ARTI PERKEMBANGAN MENURUT FILSAFAT
POSITIVISME MENURUT AUGUSTE COMTE
A.
PENDAHULUAN
Positivisme
yang menandai krisis pengetahuan Barat itu sebenarnya merupakan salah satu dari
sekian banyak aliran filsafat Barat, dan aliran ini berkembang sejak abad ke-19
dengan perintisnya Auguste Comte. Meski dalam beberapa segi positivisme
mengandung kebaruan, pandangan ini bukan barang yang sama sekali baru, karena
sebelum Kant sudah berkembang empirisme yang dalam beberapa segi bersesuain
dengan positivisme. Lebih tepatlah bila dipandang bahwa positivisme merupakan
peruncing trend sejarah pemikiran Barat modern yang telah mulai menyingsing
sejak ambruknya tatanan dunia Abad Pertengahan, melalui rasionaliosme dan
empirisme. Apa yang baru dalam positivisme adalah sorotan khususnya terhadap
metodologi ilmu pengetahuan, bahkan dapat dikatakan bahwa pandangan ini sangat
menitikberatkan metodologi dalam refleksi filsafatnya. Kalau dalam empirisme
dan rasionalisme pengetahuan masih direfleksikan, dalam positivisme kedudukan
pengetahuan diganti metodologi, dan satu-satunya metodologi berkembang secara
meyakinkan sejak Renaissance, dan subur pada masa Aufklarung adalah metodologi
ilmu-ilmu alam. Oleh karena itu, positivisme menempatkan metodologi ilmu-ilmu
alam pada ruang yang dulunya menjadi wilayah refleksi epistemologi, yaitu
pengetahuan manusia tentang kenyataan.[1]
Oleh
karena itu dalam sejarah Filsafat Barat, abad ke-19 dinyatakan sebagai Abad
Positivisme yang ditandai dengan peranan yang sangat menentukan dari
fikiran-fikiran ilmiah, dalam arti fikiran-fikiran ilmiah. Kebenaran filsafati
diukur menurut nilai “positif”nya, sedang perhatian baru, lahir, terhadap
filsafat yang lebih menekankan kepada segi-segi yang bersifat praktis. Orang
tidak lagi memandang “dunia yang abstrak” sebagai hal yang penting.
B.
POKOK-POKOK
PEMIKIRAN
Istilah
“positivisme” diperkenalkan oleh Auguste Comte. Istilah itu berasal dari kata
“positif”. Dalam prakata Cours
de Philosophie Positive, dia
mulai memakai istilah “filsafat positif” dan terus menggunakannya dengan arti
yang konsisten di sepanjang bukunya. Kata “filsafat”, dia artikan sebagai
“sistem umum tentang konsep-konsep manusia”, sedangkan “positif” diartikannya
sebagai “teori yang bertujuan untuk penyusunan fakta-fakta yang teramati”.

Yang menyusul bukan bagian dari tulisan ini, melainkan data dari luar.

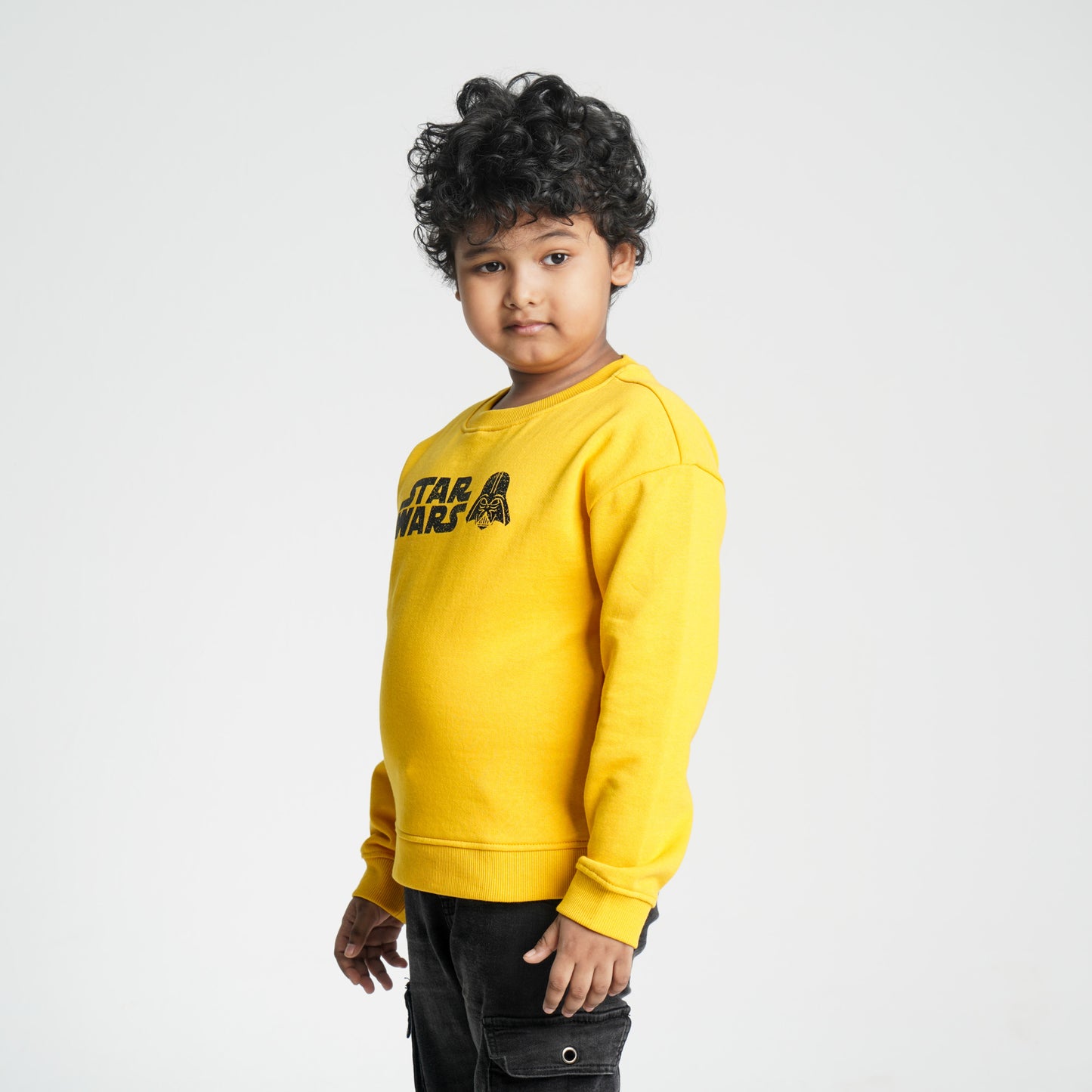 Boys Mustard Sweatshirt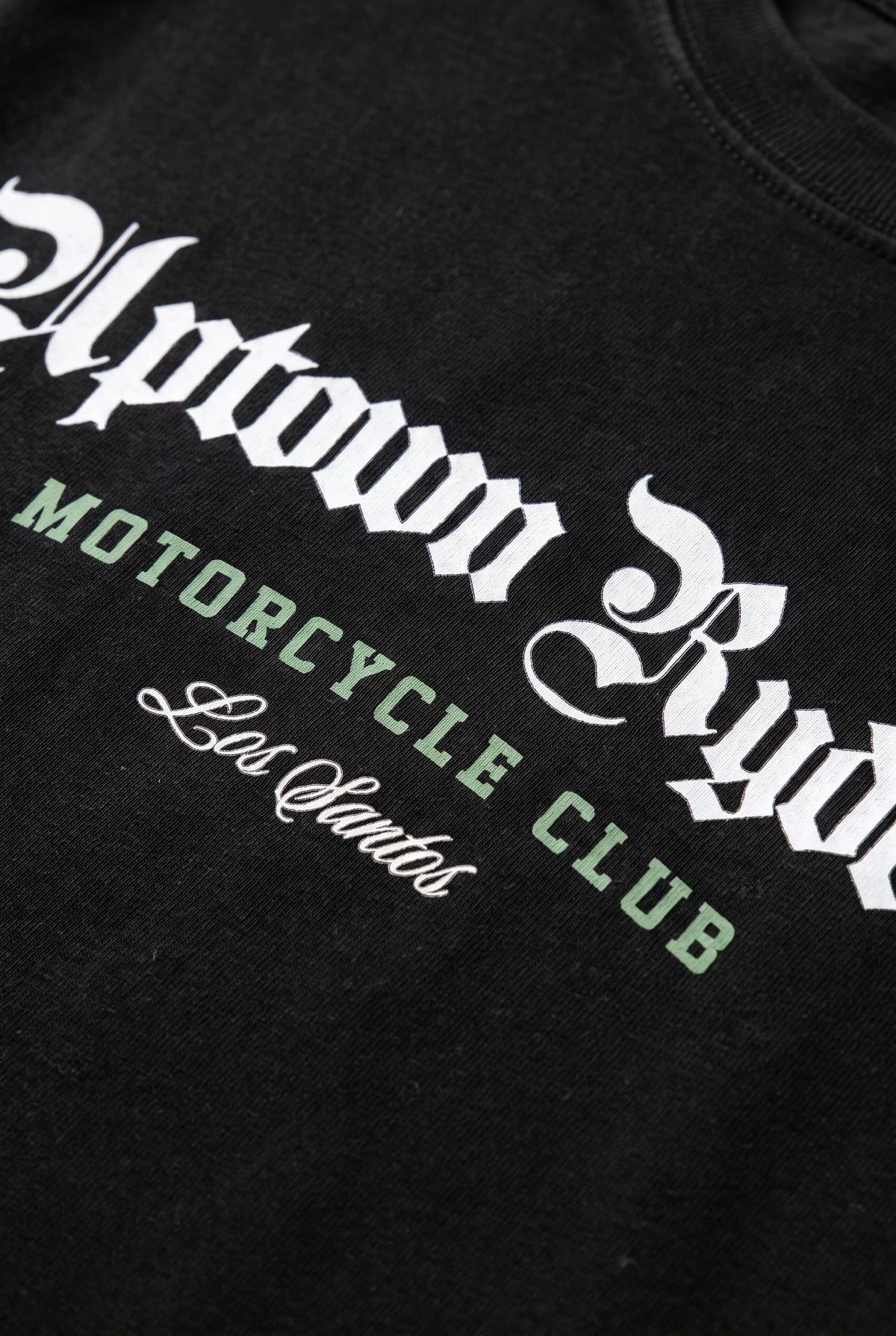 Los Santos Layered Tee Black - Macro-Front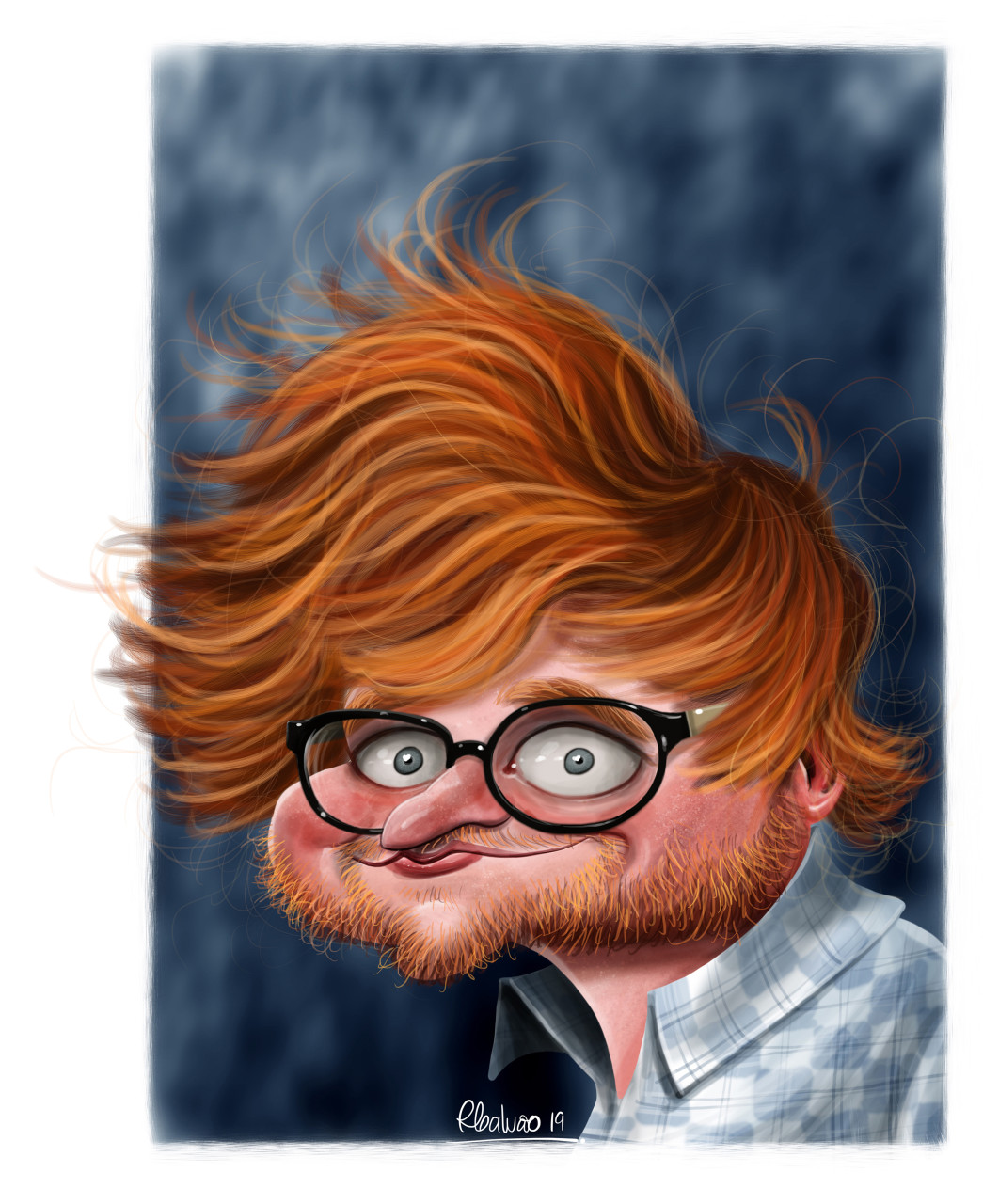 Ed Sheeran Caricature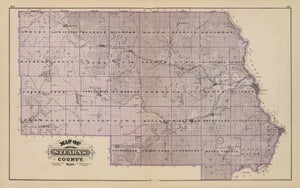 Vintage Map of Stearns County, Minnesota 1874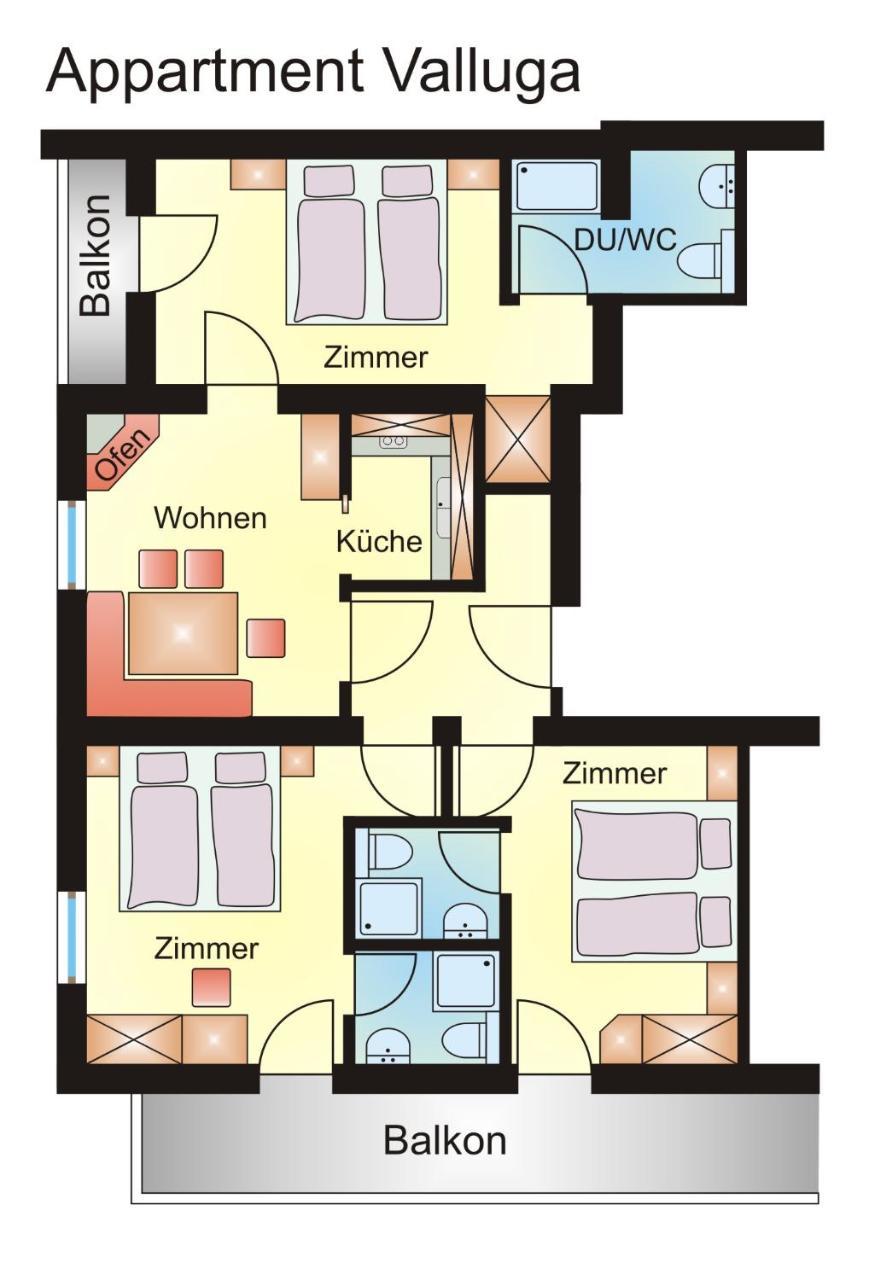 Haus Buchhammer Sankt Anton am Arlberg Dış mekan fotoğraf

Dengan kata lain, “positif” sama dengan “factual”, atau apa yang berdasarkan
fakta-fakta. Dalam hal ini, positivisme menegaskan bahwa pengetahuan hendaknya
tidak melampaui fakta-fakta.
Auguste Comte dalam
seluruh pandangannya bertolak dari hukum tiga tahap (stadia) yang ia ciptakan,
yaitu hukum yang menerangkan bahwa jika manusia, baik sebagai perorangan maupun
sebagai satu keseluruhan, demikian pula masyarakat, dalam perkembangannya
berlangsung melalui tiga tahap, yaitu : tahap teologi atau fiktif, tahap
metafisik atau abstrak dan tahap positif atau riil.
1. Tahap
teologi atau fiktif
Merupakan
tahap di kala manusia selalu berusaha untuk mencari sebab yang pertama atau tujuan
akhir dari segala sesuatu. Gejala-gejala yang menarik perhatiannya diterangkan
dengan kepercayaan bahwa ada kekuatan yang dikodrati atau transendental yang
menagatur, yang menjadi sebab pertama atau tujuan terakhir dari gejala-gejala
itu. Tahap teologik ini, dalam perkembangannya juga berlangsung secara
beratahap, yaitu melaui fetisysme (segala sesuatu yang berada disekeliling
manusia mempunyai suasana kehidupan sama seperti manusia sendiri), politeisme (pengaruh kehidupan masyarakat berasal dari makhluk-makhluk yang tidak
kelihatan yang berada disekeliling manusia), monoteisme (pengaruh
kehidupan masyarakat berasal dari kekuatan mutlak, adikodrati yaitu Tuhan Yang
Maha Esa).
2. Tahap
metafisik atau abstrak
Merupakan
tahap di kala manusia masih tetap berusaha untuk mengetahui sebab pertama dan
tujuan terakhir dari segala sesuatu, akan tetapi manusia sudah tidak lagi
menyandarkan diri kepada kepercayaan akan adanay kekuatan akalnya sendiri akal
yang telah mampu untuk melakukan abstraksi guna menemukan hakikat atau
substansi dari segala sesuatu yang ingin diketahuinya.
3. Tahap
positif atau riil
Merupakan
tahap di kala manusia telah sampai pada pengetahuan yang tidak abstrak, tetapi
pasti, jelas dan bermanfaat. Tahap ini juga manusia telah maju yaitu telah
mampu berfikir secara positif atau riil, atas dasar pengetahuan yang telah
dicapainya, yang dikembangkan secara positif melalui pengamatan, percobaan dan
perbandingan.
Dengan
pendirian “Savoir pour prevoir” beserta mottonya “Ordre et proges”, Comte
memandang tahap positif sebagai tahap akhir atau puncak dari perkembangan.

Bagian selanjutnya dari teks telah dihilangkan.